Robotics

GIFT: Generalizing Intent for Flexible Test-Time Rewards

New AI method infers human intent from demonstrations to help robots adapt to new objects and layouts without retraining.

Deep Dive

A team from UC Berkeley (Fin Amin, Nathaniel Dennler, Andreea Bobu) has introduced GIFT (Generalizing Intent for Flexible Test-Time Rewards), a novel framework tackling a core robotics problem: reward functions learned from demonstrations often fail when a robot encounters new environments. The issue is that current methods latch onto spurious visual or semantic correlations in the training data, rather than the underlying human intent. GIFT solves this by leveraging language models to infer high-level intent by contrasting preferred demonstrations with non-preferred ones, grounding reward generalization in what the human actually cares about.

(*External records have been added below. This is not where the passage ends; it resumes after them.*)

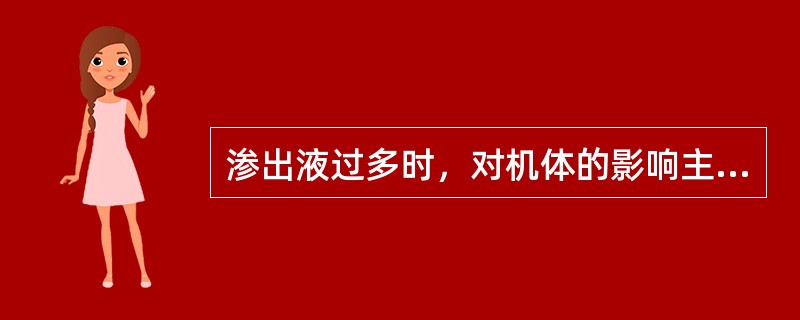 渗出液过多时，对机体的影响主要是：压迫，（）（）。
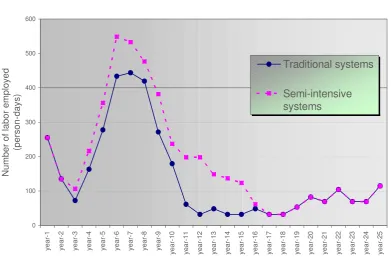 Table 2.2.   Coffee and pepper culture during repong damar establishment: traditional and semi-intensive systems 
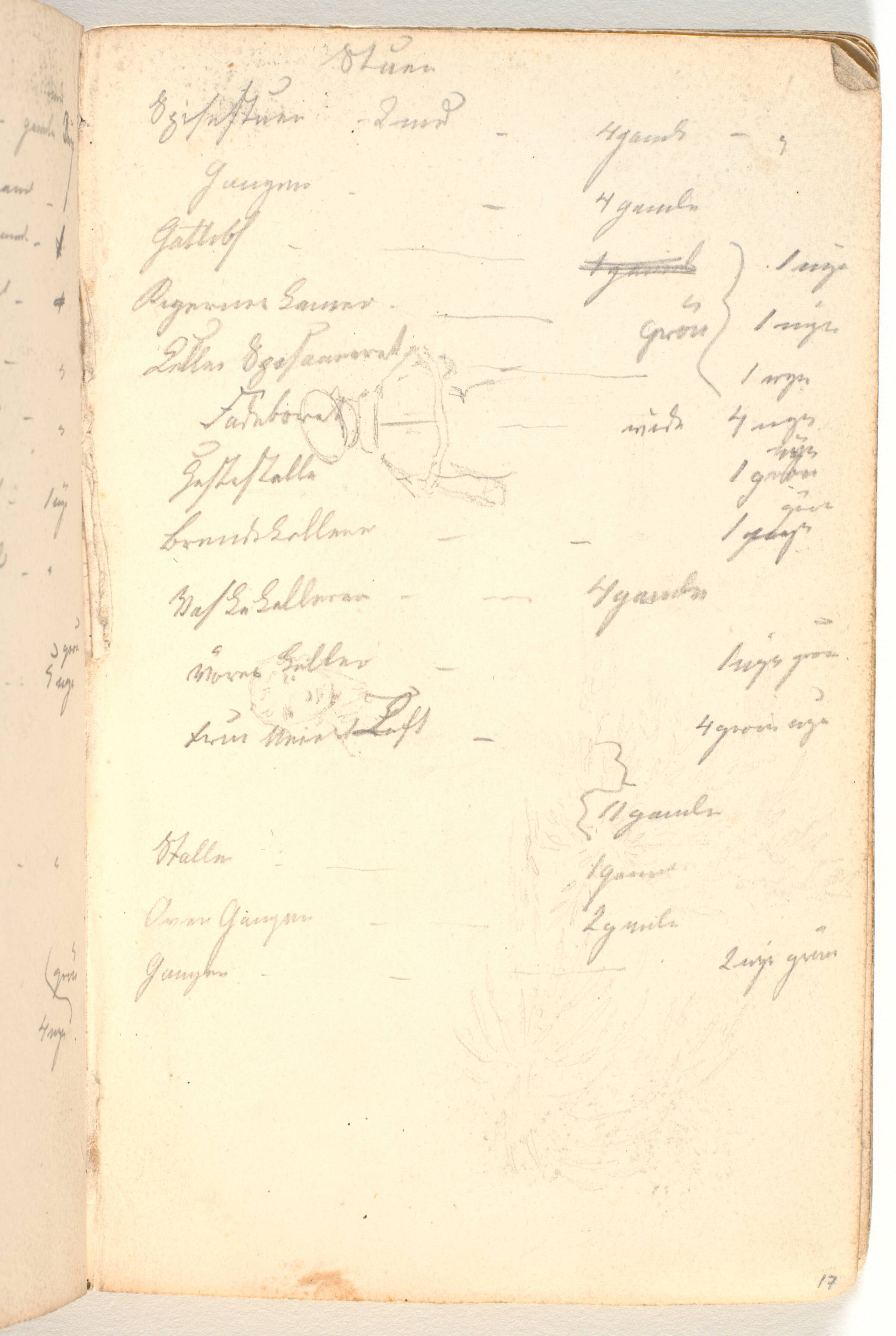 Liste over vinduer (?) i en bygning, fortsat fra side 16, Martinus Rørbye, 1825-1826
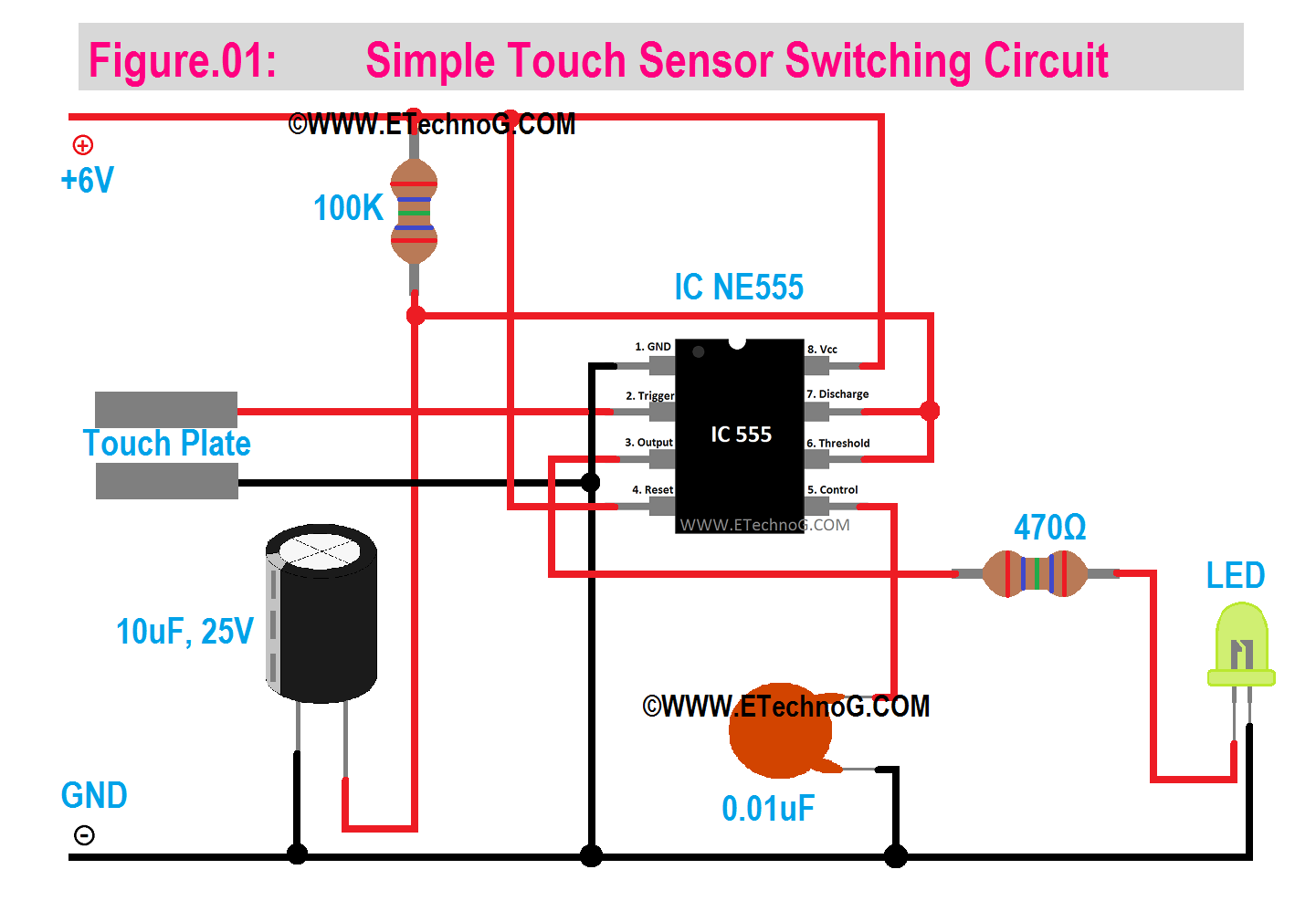 Figure 2: Simulink Block Model, Power Circuit & Switching Waveform for Eee projects on touch sensitive switch using 555 timer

At deployment, GIFT maps novel test states to behaviorally equivalent training states using this inferred intent as a conditioning signal. This allows a robot's learned reward function to generalize to new situations—like different objects or table layouts—without requiring any retraining. The team evaluated GIFT on tabletop manipulation tasks, testing it across four simulated tasks with over 50 unseen objects. It consistently outperformed visual and semantic similarity baselines in key metrics like test-time pairwise win rate and state-alignment F1 score.

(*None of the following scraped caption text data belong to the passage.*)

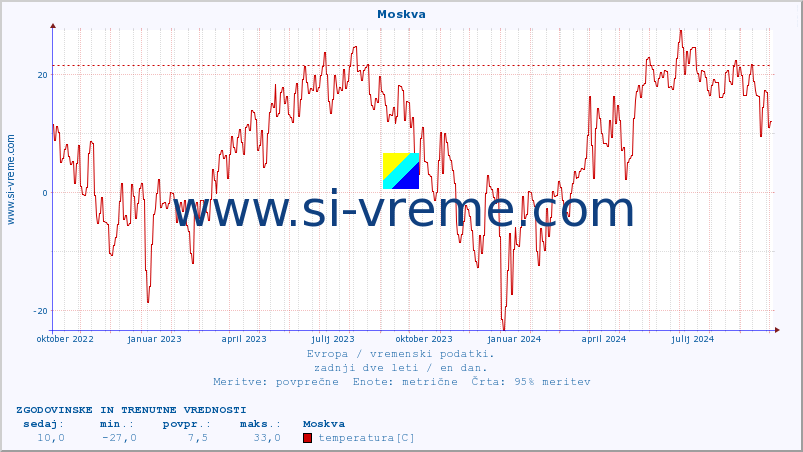 POVPREČJE :: Moskva :: temperatura | vlaga | hitrost vetra | sunki vetra | tlak | padavine | sneg :: zadnji dve leti / en dan.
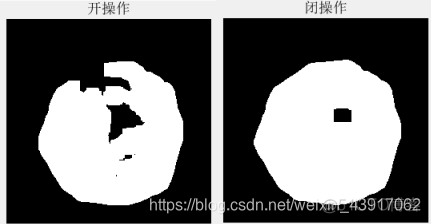 腐蚀运算开运算和闭运算 腐蚀运算有何种效果_图像处理_03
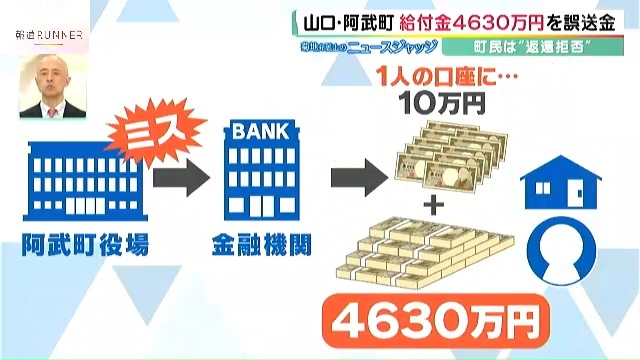 給付金4630万円間違いで振り込まれたのに返金拒否…あり得る『極めて回収が困難な事態』法的には“不当利得”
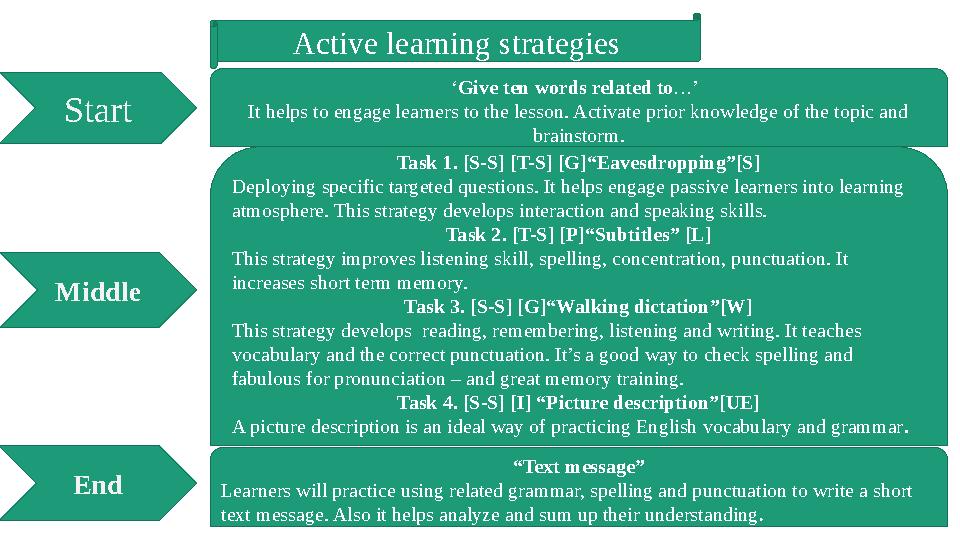 Start Middle End ‘ Give ten words related to … ’ It helps to engage learners to the lesson. Activate prior knowledge of the to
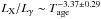 \hbox{$ L_{\rm X}/L_\gamma \sim T_{\rm age}^{-3.37\pm 0.29}$}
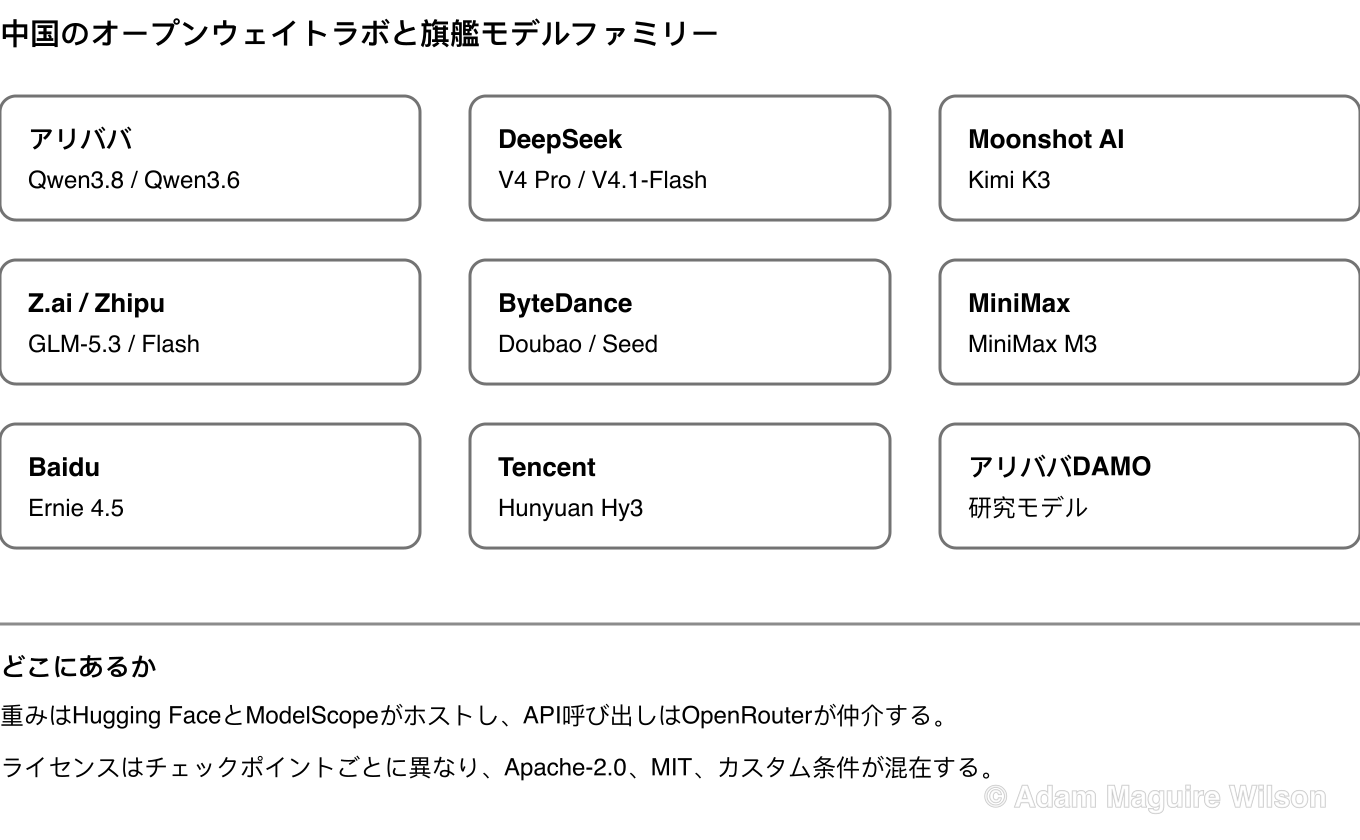 中国の主要なオープンウェイトAIラボと、その旗艦オープンモデルファミリーの早見表。アリババはQwen、DeepSeekはV4 ProとV4.1-Flash、Moonshot AIはKimi、Zhipu AIはGLM、ByteDanceはDoubaoとSeed、MiniMaxはMiniMax M3、BaiduはErnie、TencentはHunyuan Hy3を開発している。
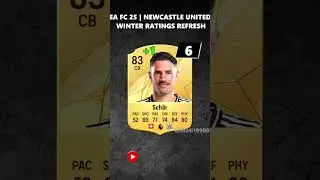 EA FC 25 | NEWCASTLE UNITED WINTER RATINGS UPGRADES & DOWNGRADES! #eafc #newcastle #isak #tonali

The research was validated in the real world with a 7-Degree-of-Freedom Franka Panda robot, demonstrating reliable physical transfer. The work, set to appear at the IEEE International Conference on Robotics and Automation (ICRA) 2026, represents a significant step toward more adaptable and robust robotic systems that can understand and execute tasks based on human goals, not just surface-level cues.

Key Points
  • Uses language models to infer high-level human intent by contrasting positive and negative demonstrations, moving beyond surface-level visual cues.
  • Enables reward functions to generalize to new objects and environments without retraining, tested on over 50 unseen objects in simulation.
  • Successfully transferred to real-world hardware, demonstrating reliable performance on a 7-DoF Franka Panda robot for tabletop manipulation.

Why It Matters

Enables robots to adapt to novel situations by understanding human goals, a critical step toward flexible automation in warehouses and homes.